*TASK DETAILS*.
Word for word, transcribe every line from the one holding "Tembé Art Noir" through the end of the records, but not the pictures.
....................
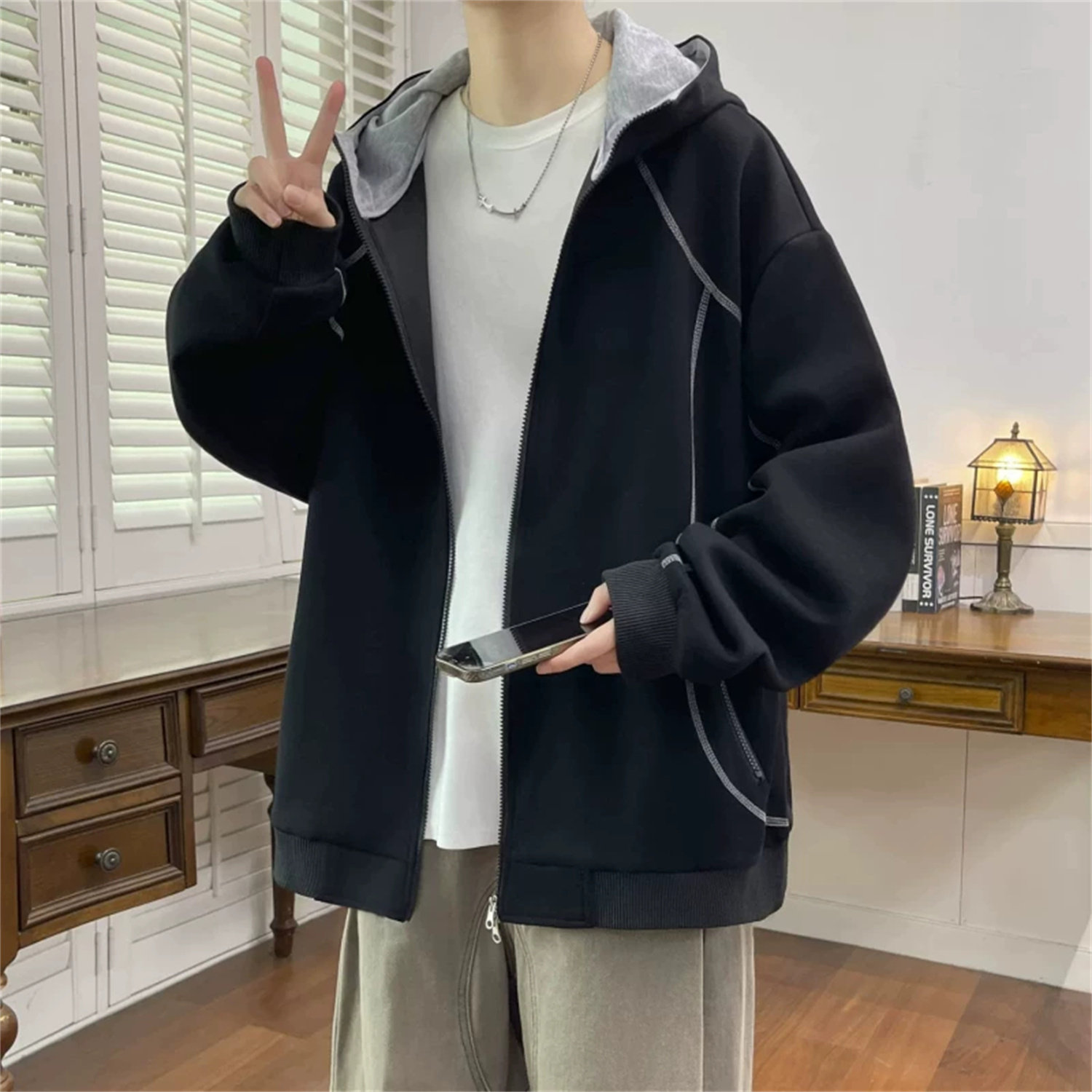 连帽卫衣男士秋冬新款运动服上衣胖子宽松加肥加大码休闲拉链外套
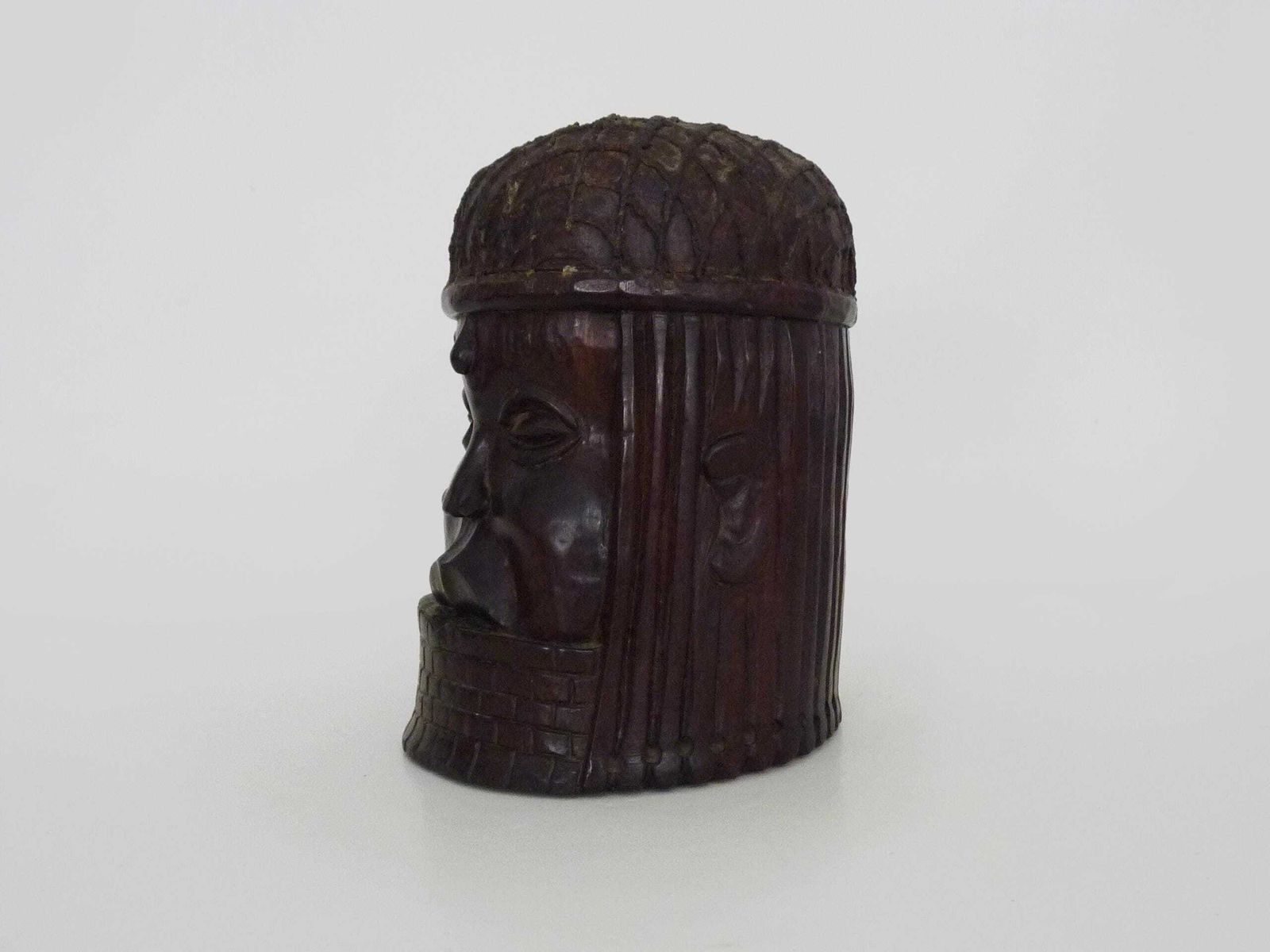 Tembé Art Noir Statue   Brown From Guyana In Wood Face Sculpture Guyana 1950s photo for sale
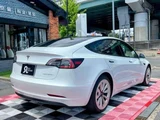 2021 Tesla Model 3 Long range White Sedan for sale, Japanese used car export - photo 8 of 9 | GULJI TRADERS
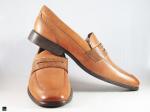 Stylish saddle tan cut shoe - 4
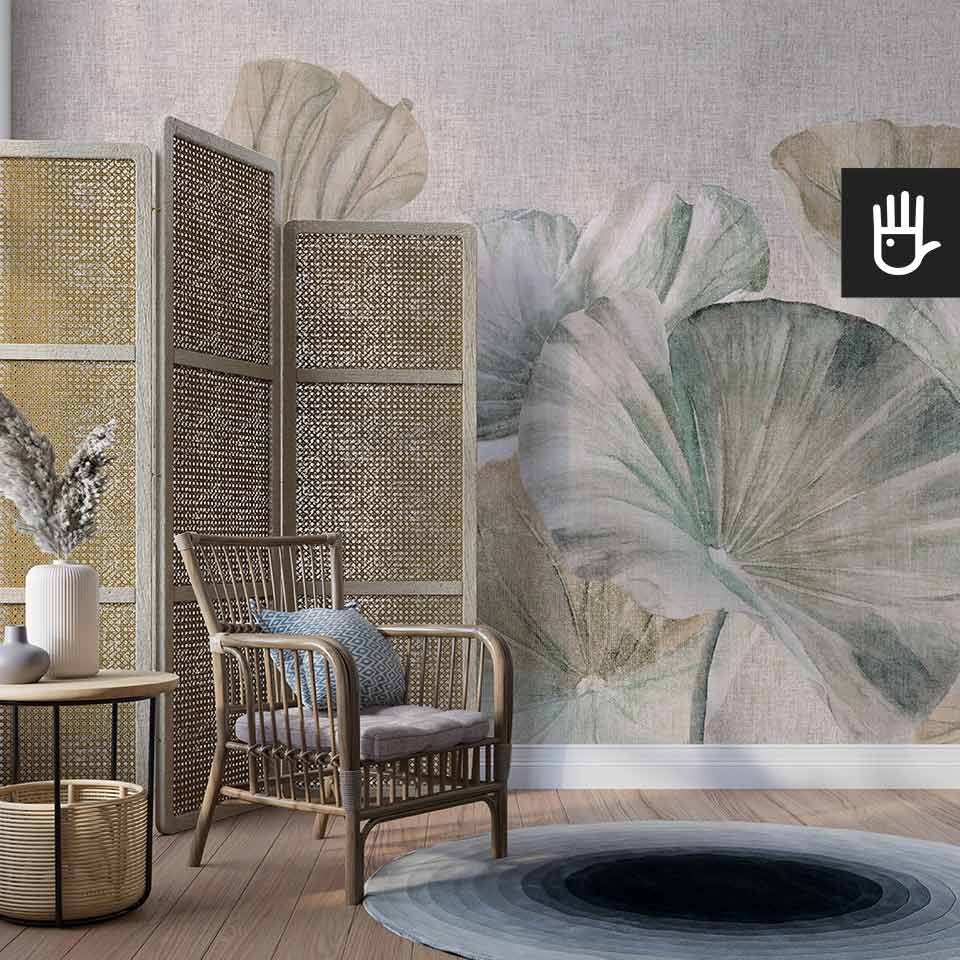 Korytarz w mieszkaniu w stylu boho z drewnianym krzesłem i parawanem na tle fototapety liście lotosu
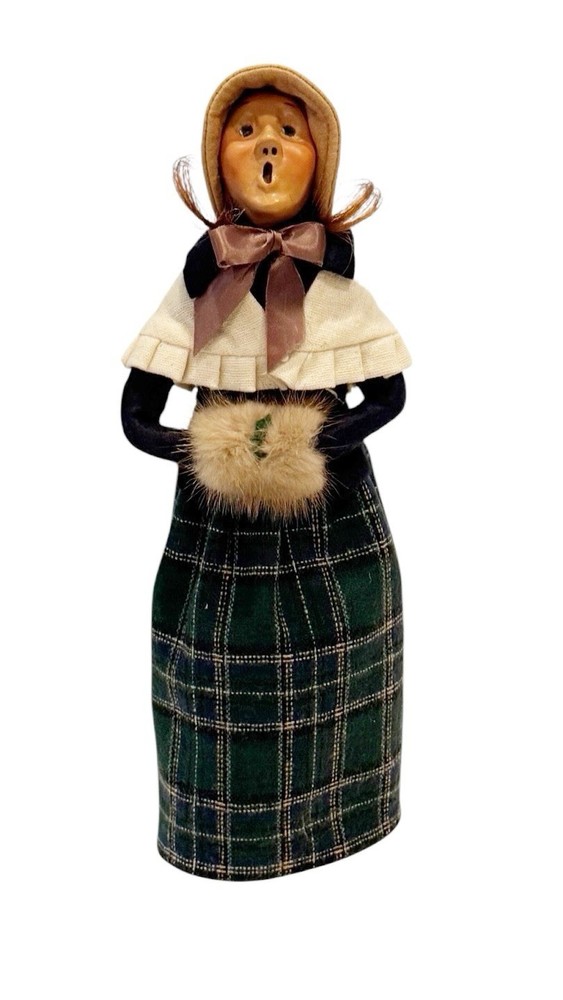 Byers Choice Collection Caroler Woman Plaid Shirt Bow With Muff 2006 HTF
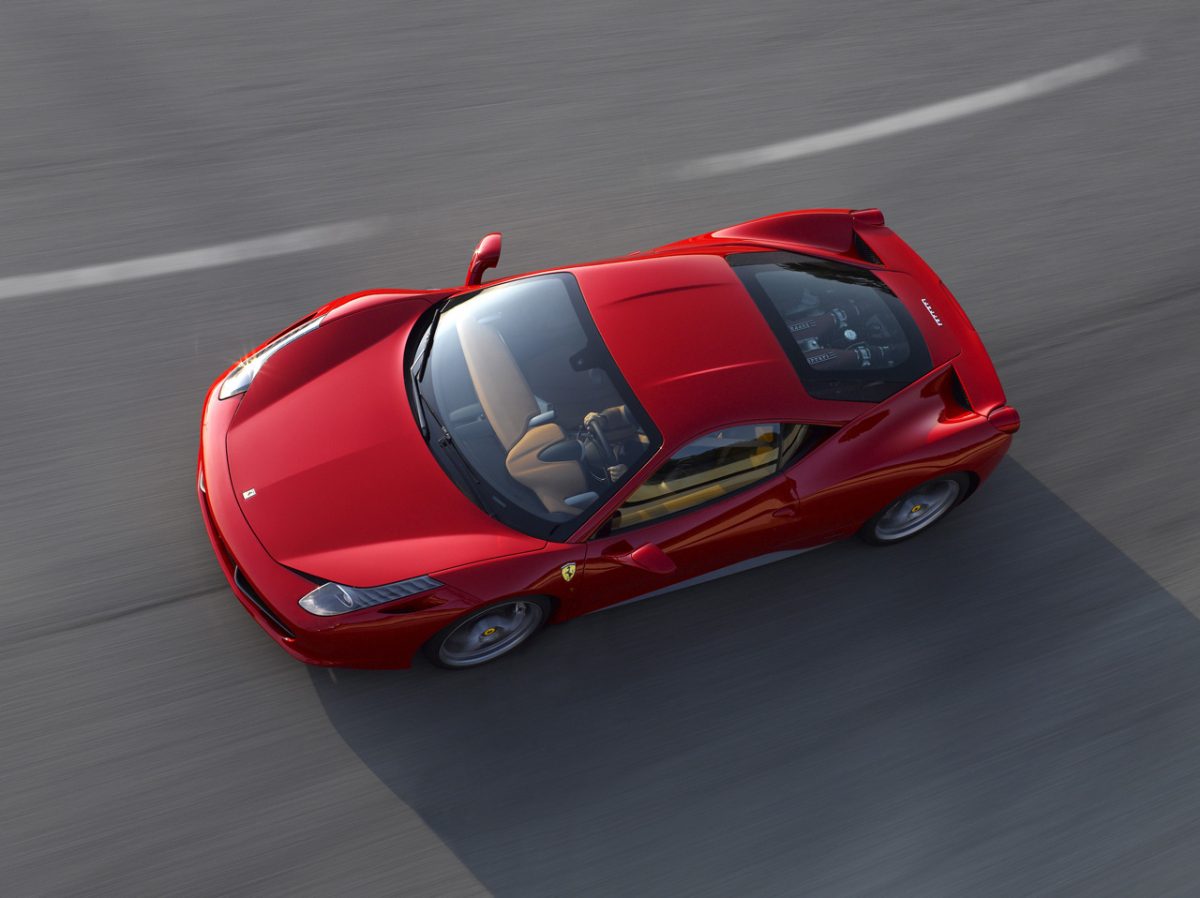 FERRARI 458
....................
*YOUR SOLUTION*.
 Tembé Art Noir Statue   Brown From Guyana In Wood Face Sculpture Guyana 1950s photo for sale
 2021 Tesla Model 3 Long range White Sedan for sale, Japanese used car export - photo 8 of 9 | GULJI TRADERS
 Stylish saddle tan cut shoe - 4
 Korytarz w mieszkaniu w stylu boho z drewnianym krzesłem i parawanem na tle fototapety liście lotosu
 Byers Choice Collection Caroler Woman Plaid Shirt Bow With Muff 2006 HTF
 FERRARI 458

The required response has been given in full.